Über die Entstehung des Mathildenheims sind bisher nur mündliche überlieferte Aussagen bekannt. Es handelt sich um eine in zwei Bauabschnitten errichtete Villa. Der ältere linke Teil, ein mehrstöckiger Wohnturm mit Zinnenkranz und einem Anbau, ist wohl um 1872 – 1875 errichtet worden. Das Gebäude soll von einem Fabrikanten aus dem Bergischen Land als Sommersitz für seine Familie gebaut worden sein. Nach dem Tod seiner Ehefrau und eines Kindes verkaufte der Besitzer um 1900 das gesamte Anwesen.

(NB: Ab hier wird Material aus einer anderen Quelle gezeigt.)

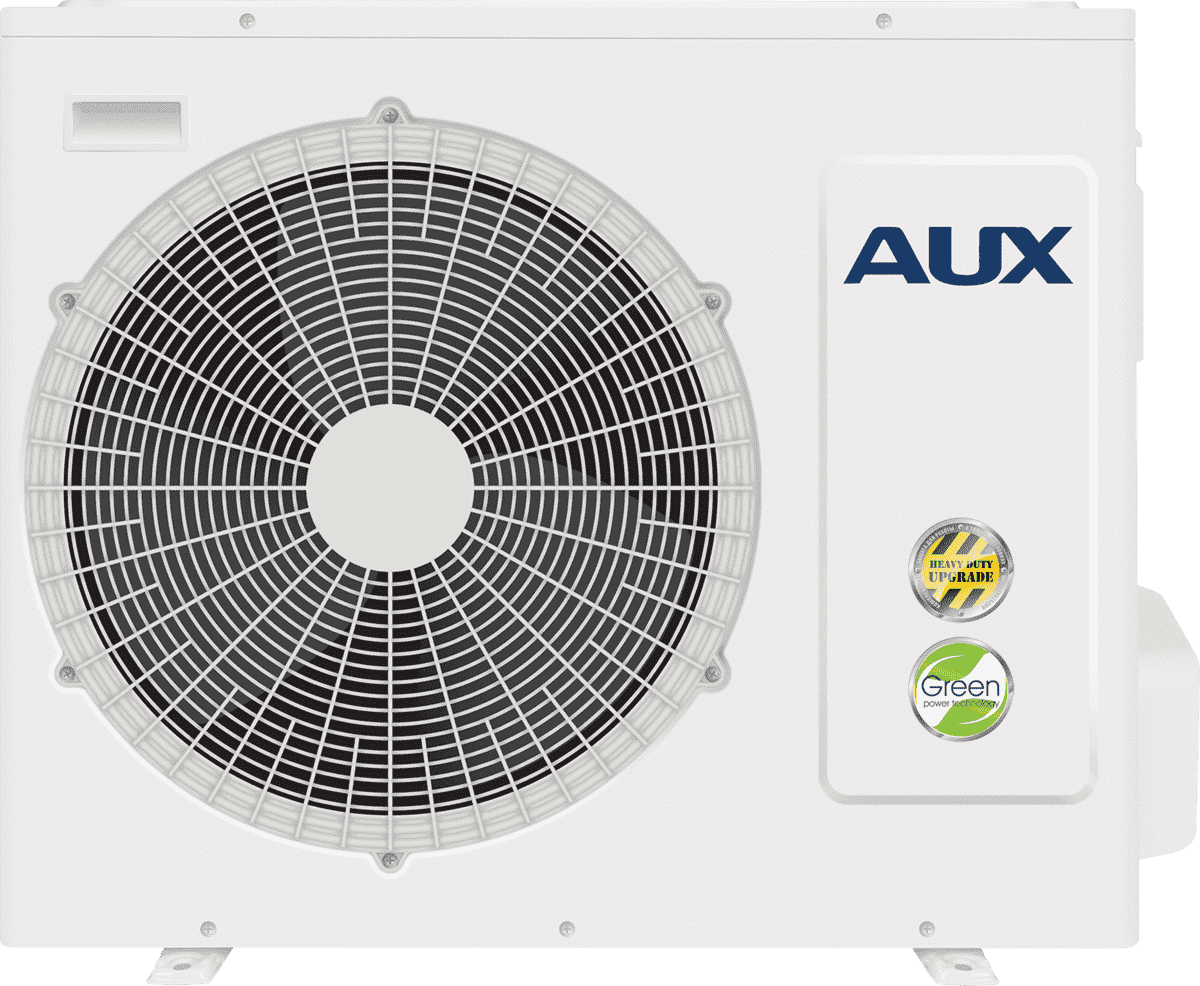 Наружный блок сплит системы AUX AS-H09A4/JD-R1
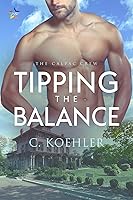 Tipping the Balance (CalPac Crew Book 2)
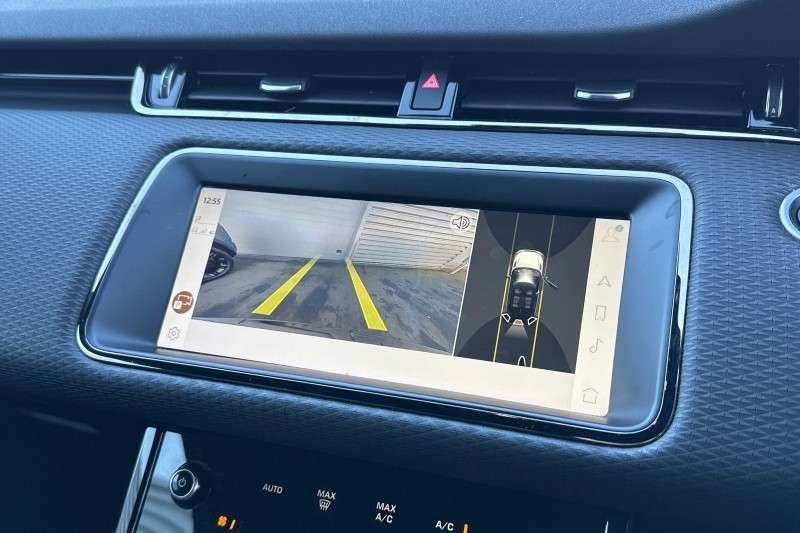 2022 (22) LAND ROVER RANGE ROVER EVOQUE 2.0 D200 R-Dynamic S 5dr Auto 4959073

Neue Besitzerin war um 1903 eine Frau Döring, eine ev. Pfarrers-Witwe, die sehr vermögend war. An den Wohnraum anschließend ließ sie durch den hiesigen Bauunternehmer Neuhöfer um 1903 einen großen zweistöckigen Neubau errichten, vorgesehen als Mädchenpensionat und "Höhere-Töchter-Schule".

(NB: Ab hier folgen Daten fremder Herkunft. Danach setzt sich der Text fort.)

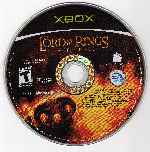 miniatura the-lord-of-the-rings-the-third-age-cd-por-hersal cover xbox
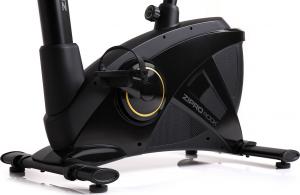 Rower stacjonarny Zipro iConsole Rook Gold elektromagnetyczny 4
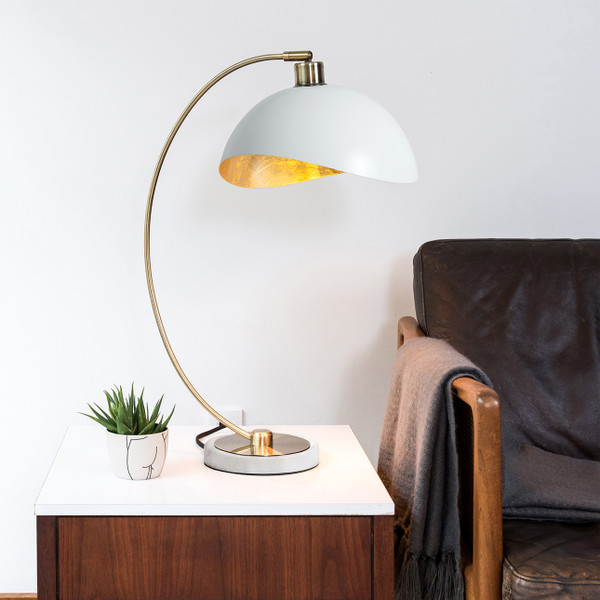 NOVA Luna Bella Table Lamp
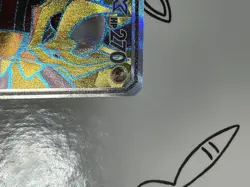 Pokemon Card Garchomp & Giratina GX SR - Image 3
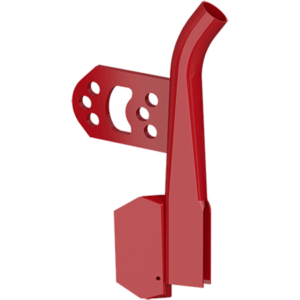 Redlica nawozowa prawa Vaderstad 432121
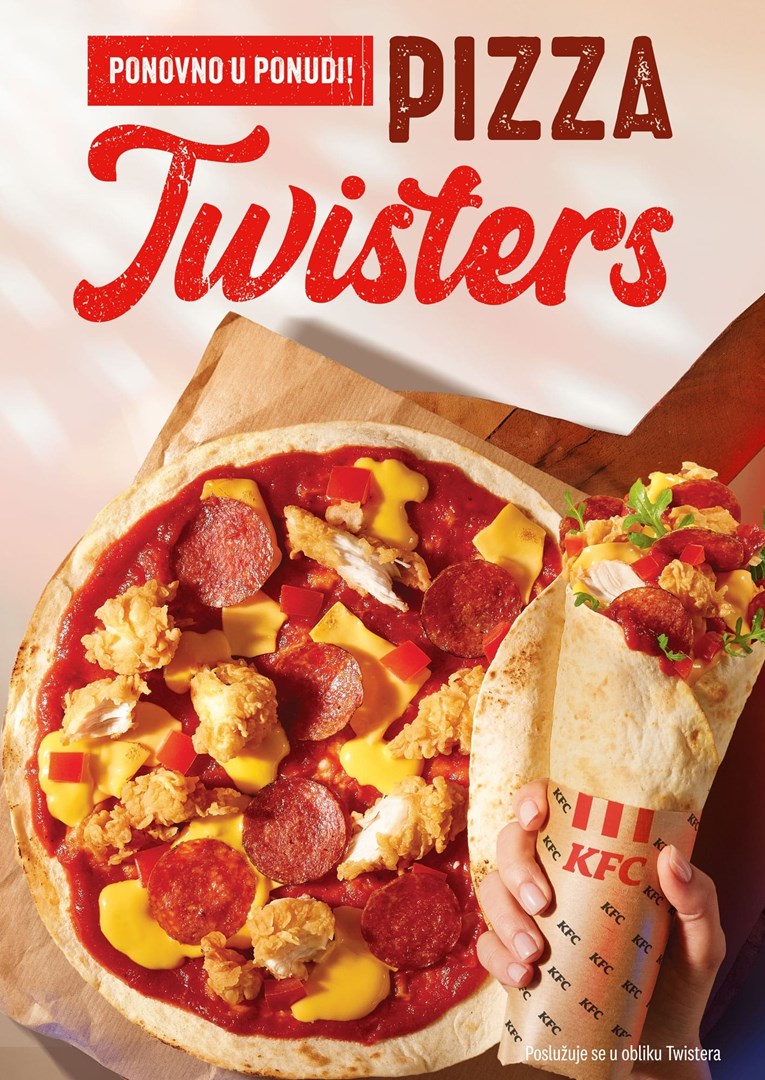 Kako tortilja osvaja kuhinje diljem svijeta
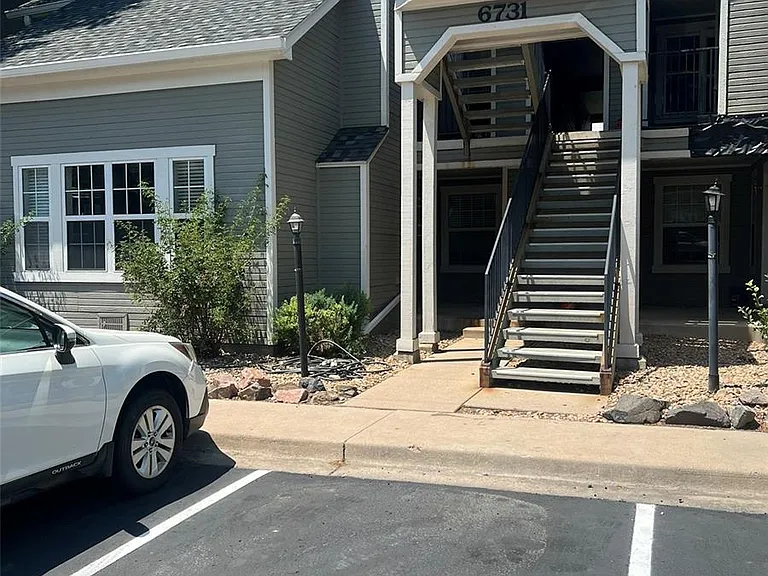 6731 S Ivy Way #A3 — Photo 1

Aus dieser Zeit stammte wohl auch das seitlich und näher zur Straße hin stehende Kutscherhaus mit Stall und Wohnung für den Kutscher, das auf alten Bildern noch zu erkennen ist. Vor dem Gebäude war ein kleiner Park angelegt, mit Teich und Springbrunnen, alles zur Straße hin abgeschirmt mit einem Gitter, in der Mitte eine repräsentative Toreinfahrt.
Dieses Vorhaben "Höhere-Töchter-Schule" kam dann doch nicht zur Ausführung, statt dessen fanden dann mehrmals jährlich „rauschende Feste“ statt, veranstaltet für den Neffen der Besitzerin, einen Herrn Schmölling, Offizier bei den Bonner Husaren, und seinen Anhang.

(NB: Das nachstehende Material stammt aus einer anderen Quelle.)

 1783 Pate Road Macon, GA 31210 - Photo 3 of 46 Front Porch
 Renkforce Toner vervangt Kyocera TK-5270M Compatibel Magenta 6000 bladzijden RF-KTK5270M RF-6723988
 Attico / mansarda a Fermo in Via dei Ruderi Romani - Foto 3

Frau Döring soll als Erste im Ort ein Auto besessen haben, der Fahrer war Herr Meis aus Sand.
Um 1912 wurde die Villa verkauft. Neuer Besitzer war Capitän Colledani mit seiner Familie. Es sollen sehr vornehme Leute gewesen sein. Nach dem ersten Weltkrieg sollte in den großen Kellerräumen, wohl aus wirtschaftlichen Gründen, ein Betrieb zur Herstellung von kandierten Früchten eingerichtet werden. Die kupfernen Kessel waren von dem Oberpleiser Kupferschmied Franz Vogt angefertigt worden. Darüber, ob es aber zu einer Produktion gekommen ist, liegt nichts vor. In den zwanziger Jahren wurde das Kutscherhaus abgerissen.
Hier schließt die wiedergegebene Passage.